三菱重工業は8月7日、同社グループのエネルギー脱炭素化に関する技術開発を推進する中心拠点として「長崎カーボンニュートラルパーク」を長崎市内にて整備し、その運用を開始したことを発表した。
三菱重工グループは、2040年のカーボンニュートラル達成を掲げる「MISSION NET ZERO」に基づき、既存インフラの脱炭素化・水素エコシステムの実現・CO2エコシステムの実現という3つの取り組みを軸として、グループの成長エンジンであるエナジートランジションを推進している。
そして同社は今般、水素・バイオマス・アンモニアの利用促進に向けた燃料製造や燃焼技術などの開発を促進するため、長崎地区に位置する既存の開発・設計・製造拠点を活用し、断炭素社会実現に寄与するソリューションを提供するため、長崎カーボンニュートラルパークを整備するに至ったとしている。
今回運用が開始された同パークでの取り組みについて、三菱重工は、総合研究所長崎地区の水素製造、バイオマス合成燃料製造、アンモニア燃焼、CO2回収に関する既存の研究施設における燃料製造や燃焼技術、CO2回収技術などを開発するとともに、長崎造船所長崎工場、香焼工場で培った各種熱エネルギー機器の設計・製造などの機能を活用しながら、製品化や事業化に向けた研究開発を加速させるとする。
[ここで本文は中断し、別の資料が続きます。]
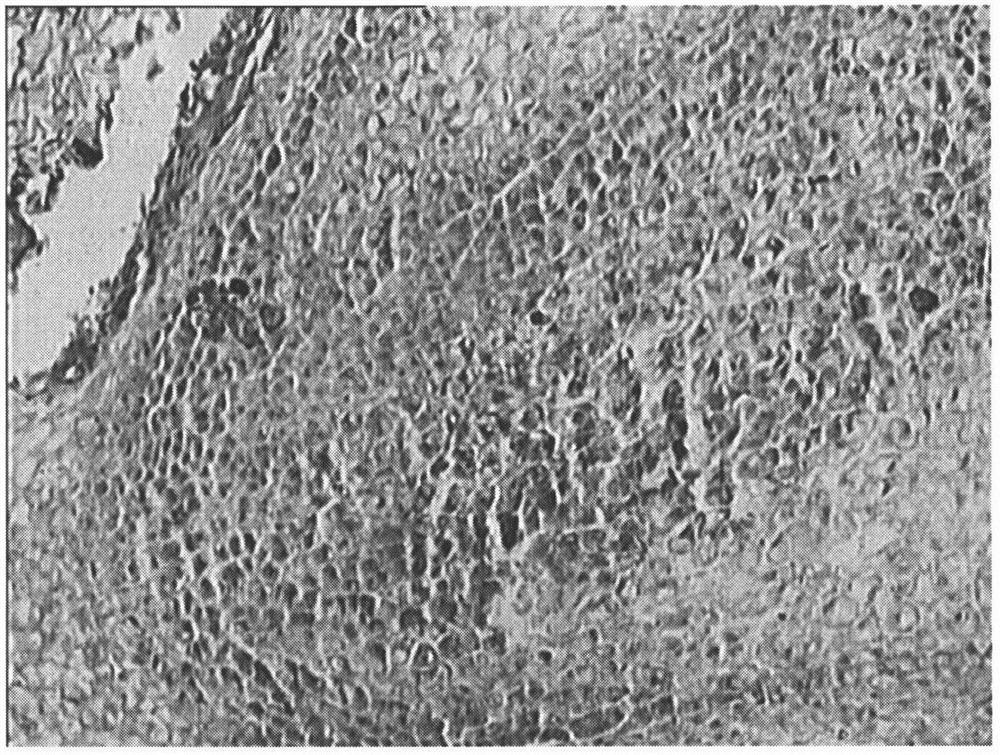 Method for making paraffin slices of Xanthos sorbifolium cutting branches and their calluses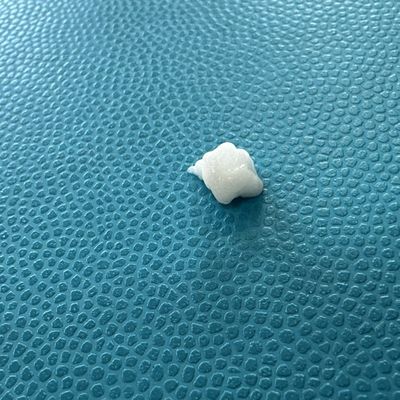 Zaawansowany efekt wypełniania linii marionetkowych wstrzyknięciem hydroksyapatytu wapnia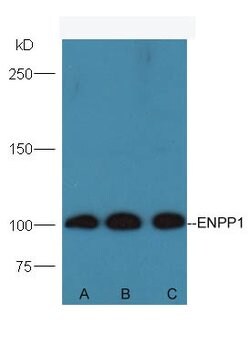 ENPP1 Rabbit anti-Human, Polyclonal, Bioss 100 &mu;L; Unconjugated:Antibodies,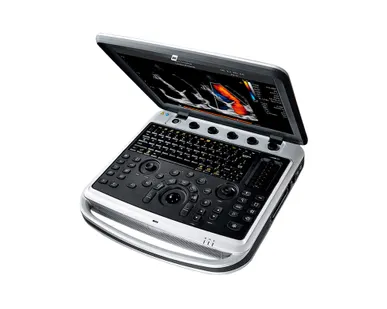 фото УЗИ аппарат CHISON SonoBook 9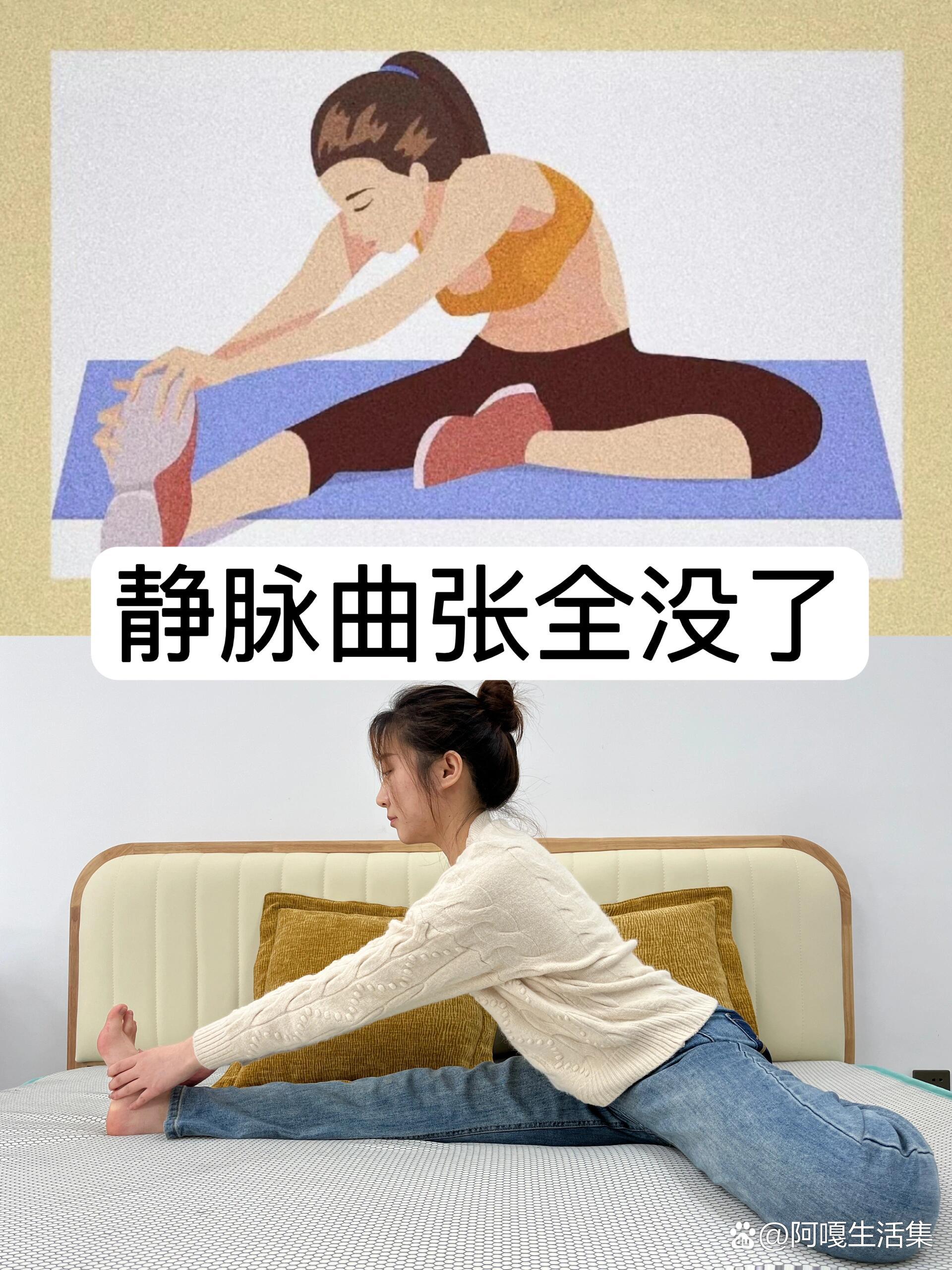 三年静脉曲张,我真快成半个行家了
またこのうち水素製造については、固体酸化物形電界セル(SOEC)による高度な水電解装置の開発に加え、メタンを熱分解することにより水素と固体炭素を得る水素製造(ターコイズ水素)など、次世代水素製造技術の研究開発に取り組んでいくとのこと。長崎にてキー技術を開発した後は、兵庫県の高砂水素パークでの水素製造実証運転、水素ガスタービンとの連携した発電実証も実施する予定だという。
またバイオマス合成燃料製造については、バイオマスを原料としたガス化ET合成などによる持続可能な航空燃料を含む、合成燃料製造設備の商用化に向けた取り組みを進めていくとする。一方のアンモニア燃焼については、同地区の大型燃焼試験路で実機サイズのバーナーを用いた燃焼試験を実施したうえで、2024年度以降には発電所の実機での高混焼実証実験を行う計画とのことだ。
三菱重工は今後も、カーボンニュートラル社会の実現を目指し、長崎カーボンニュートラルパークでの研究開発を通じて脱炭素化関連技術の実用化に取り組んでいくとしている。